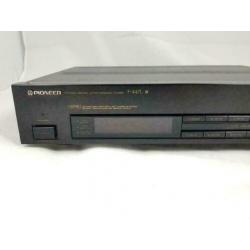 Pioneer F-447L fm/am digital synthesizer tuner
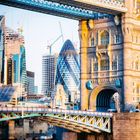 Kalendarseite mit Novemberdaten; im Hintergrund Tower Bridge und "The Gherkin" in London bei Sonnenschein.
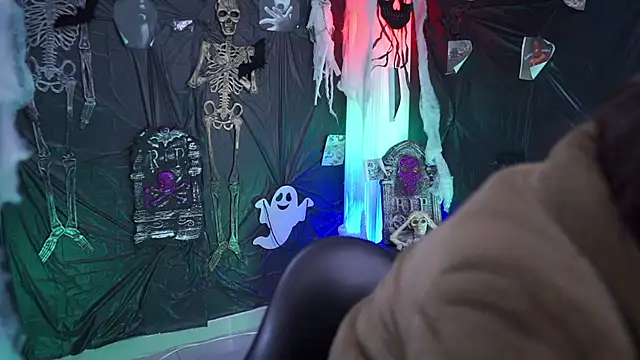 Kyomi chang online show from 10-18-25, 12:39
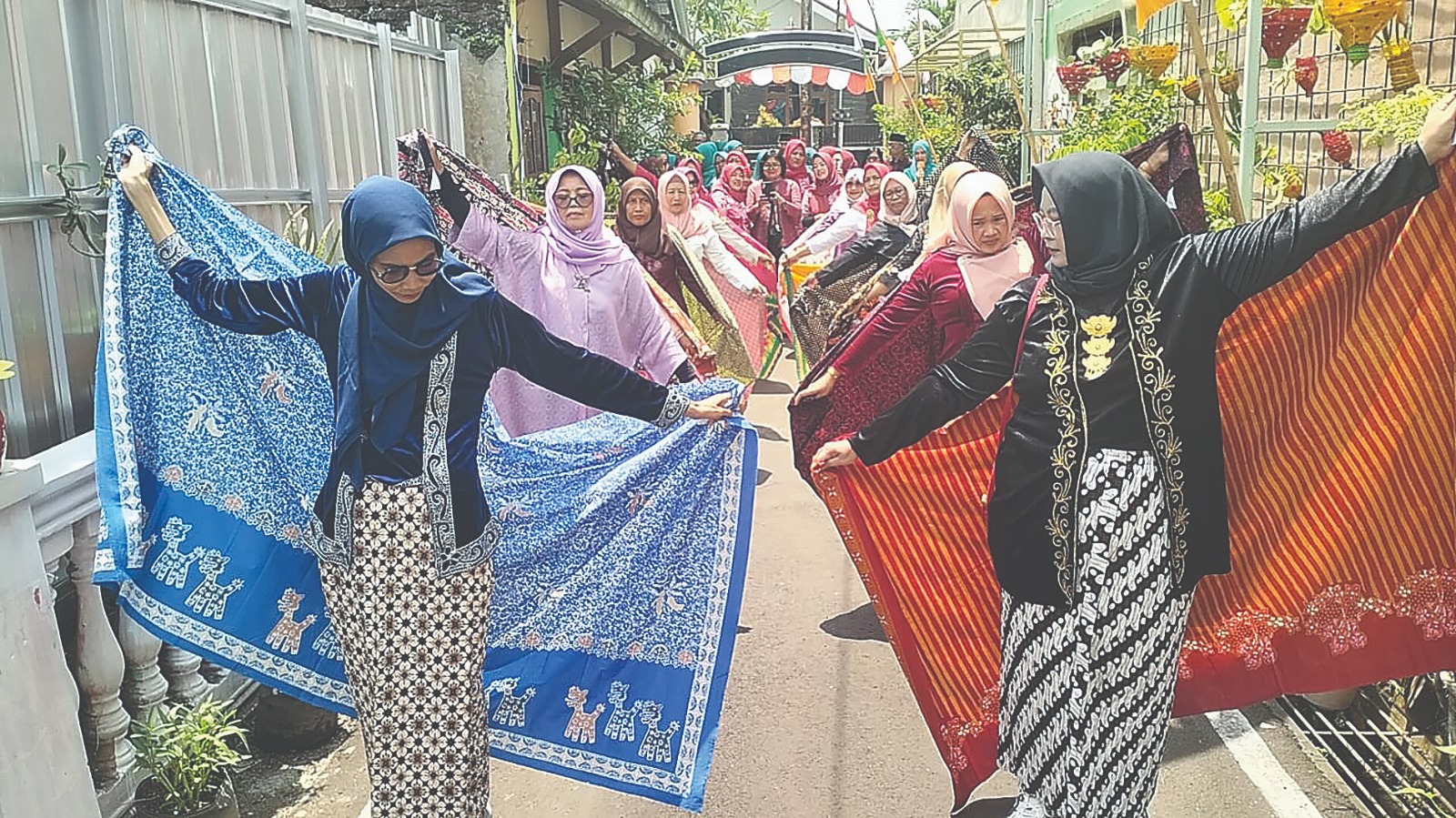 Kreasi warga RW 07 Kelurahan Krapyak, Semarang Barat, Selasa (7/10).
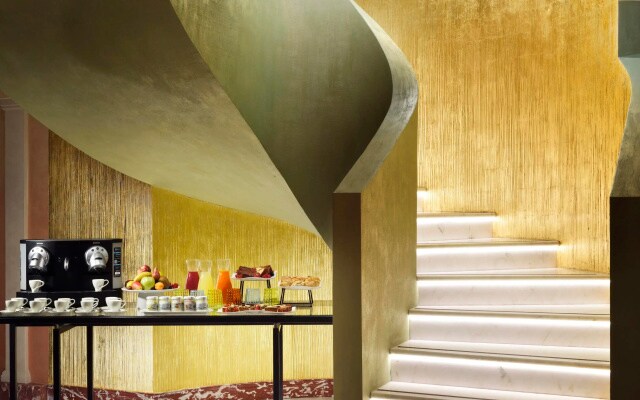 Leon's Place Hotel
#####
• **WORK ITEM**
Leaving out all pictures, retype exactly the lines that run from the one containing "Kalendarseite mit Novemberdaten;" through the last line of the material.

• **RESPONSE**
 Kalendarseite mit Novemberdaten; im Hintergrund Tower Bridge und "The Gherkin" in London bei Sonnenschein.
 Kyomi chang online show from 10-18-25, 12:39
 Kreasi warga RW 07 Kelurahan Krapyak, Semarang Barat, Selasa (7/10).
 Leon's Place Hotel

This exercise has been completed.